**What is needed**.
Print the listing in its entirety and exactly, leaving out images.

**Listed records**.
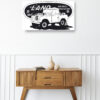 Wooden sideboard table with books and a vase Mod/019 - Land rover series III mod.88 Pick-up (de 1971 à 1985)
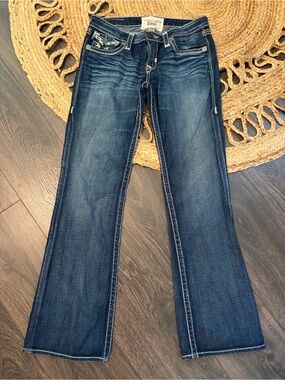Big Star Liv Flare Low Rise Jeans Women’s 28R Stretch Medium Wash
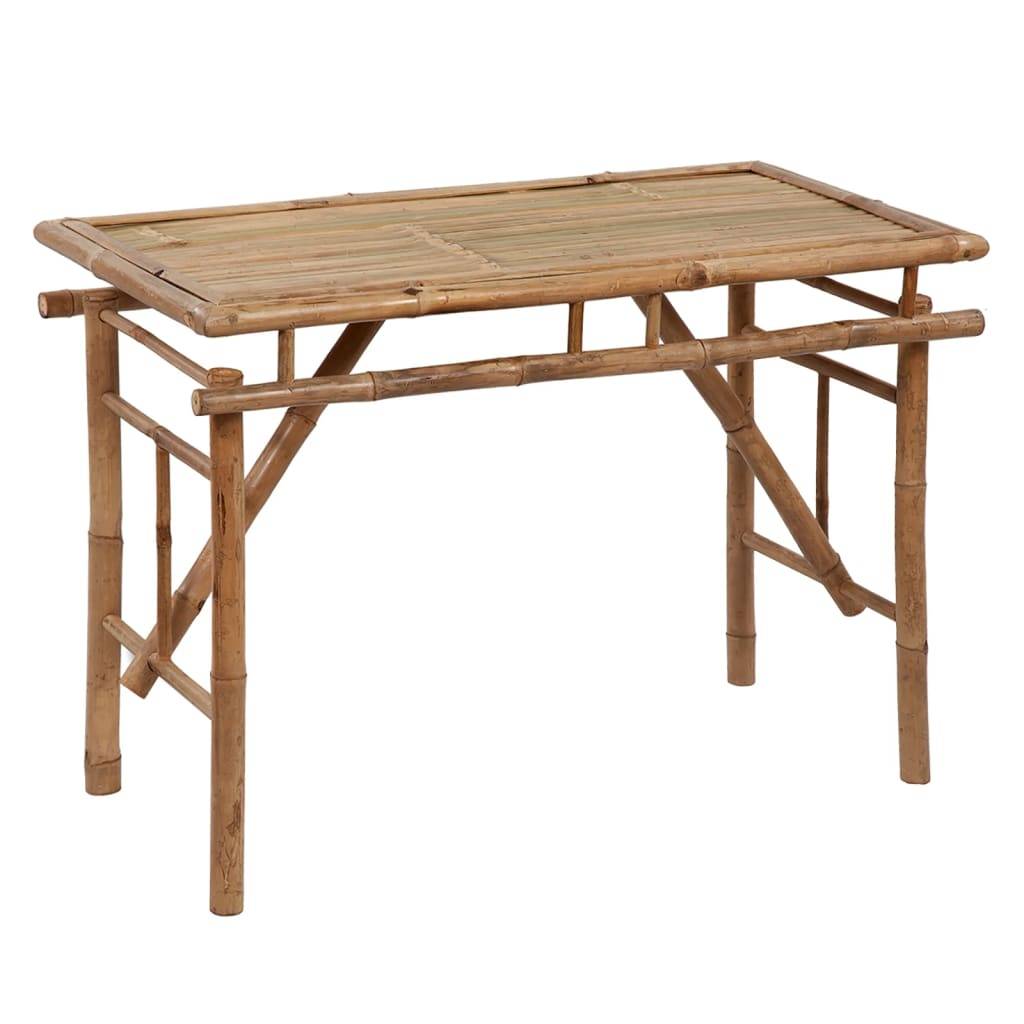 Table de Jardin Pliable en Bambou 115x50cm, Idéale Camping et Pique-Nique – ComfortXL Outdoor Living - Image 1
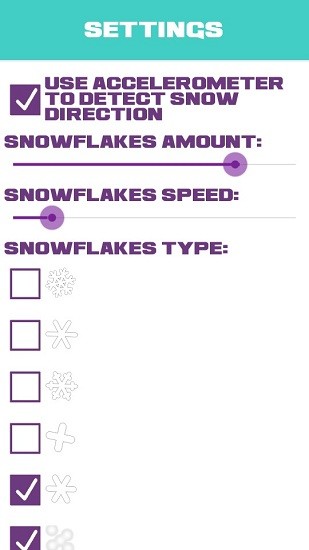 动态雪花壁纸app(Snow on Screen Winter Effect) v2.2 安卓版2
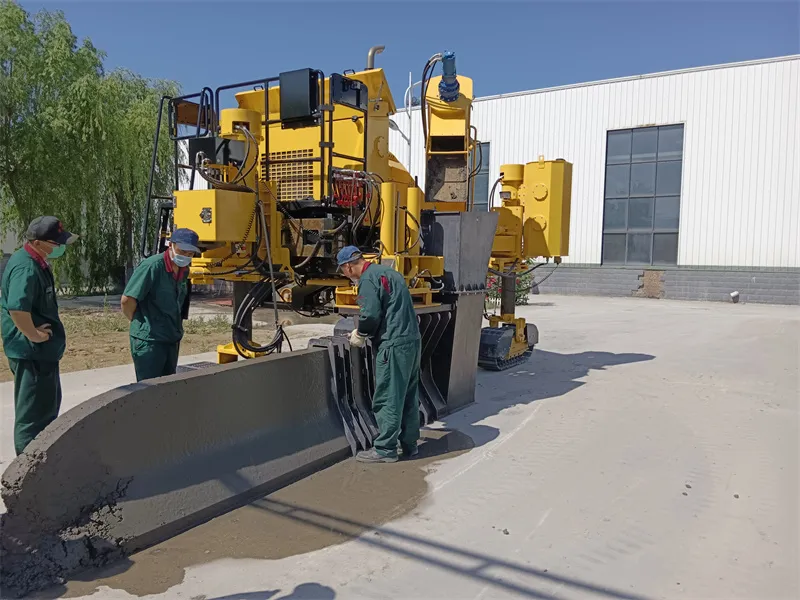 ditches paver Construction Machinery 9.5m Width Slip-form Concrete Paver
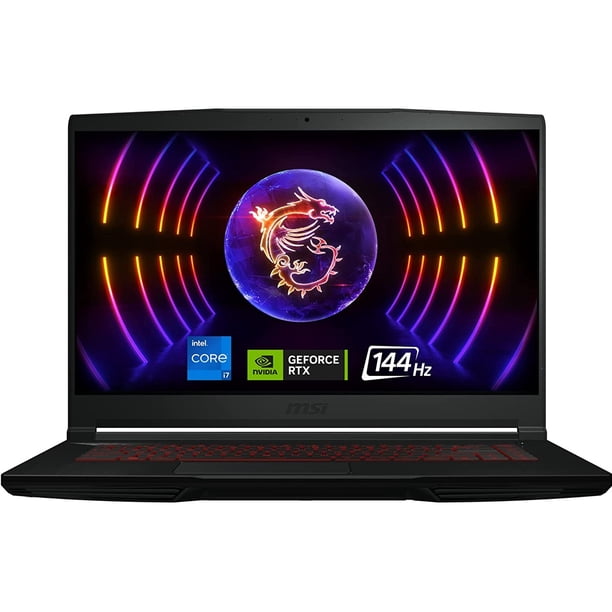 MSI GF63 Thin Gaming Laptop 15.6 12th Gen Intel 10-Core i7-12650H Geforce RTX 4050 32GB DDR4 512GB PCIe SSD+1TB HDD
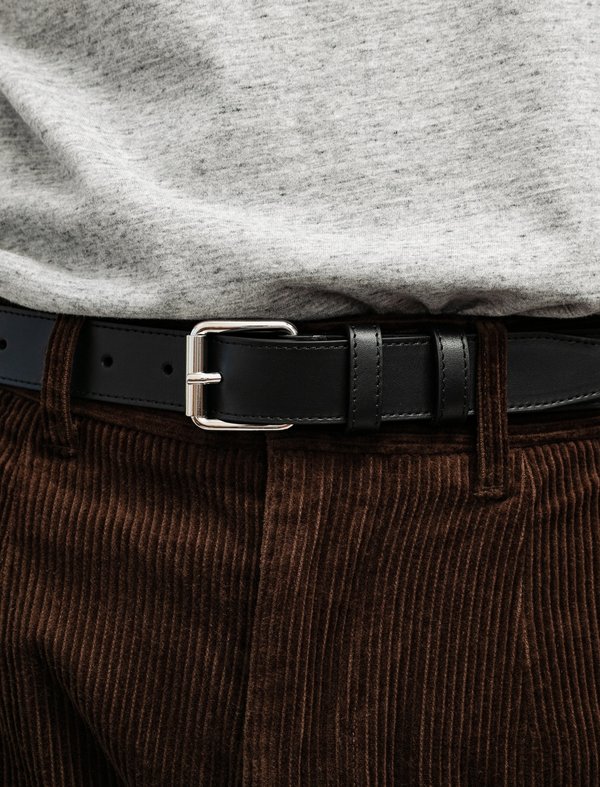 Comme des Garçons Classic Leather Belt - Black | Garmentory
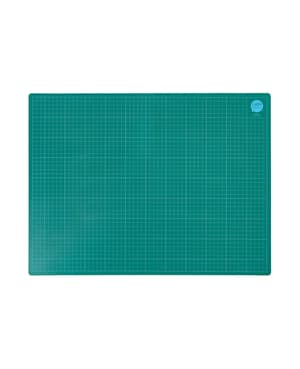 Tappetino da taglio, base per taglio con griglia 1 x 1 cm stampata su un lato, verde, 45 x 60 cm, 1 pezzo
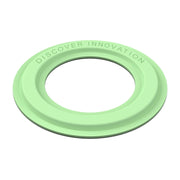 2 PCS NILLKIN Portable PU Leather Magnetic Ring Sticker (Green)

**Written reply**.
 Wooden sideboard table with books and a vase Mod/019 - Land rover series III mod.88 Pick-up (de 1971 à 1985)
Big Star Liv Flare Low Rise Jeans Women’s 28R Stretch Medium Wash
 Table de Jardin Pliable en Bambou 115x50cm, Idéale Camping et Pique-Nique – ComfortXL Outdoor Living - Image 1
 动态雪花壁纸app(Snow on Screen Winter Effect) v2.2 安卓版2
 ditches paver Construction Machinery 9.5m Width Slip-form Concrete Paver
 MSI GF63 Thin Gaming Laptop 15.6 12th Gen Intel 10-Core i7-12650H Geforce RTX 4050 32GB DDR4 512GB PCIe SSD+1TB HDD
 Comme des Garçons Classic Leather Belt - Black | Garmentory
 Tappetino da taglio, base per taglio con griglia 1 x 1 cm stampata su un lato, verde, 45 x 60 cm, 1 pezzo
 2 PCS NILLKIN Portable PU Leather Magnetic Ring Sticker (Green)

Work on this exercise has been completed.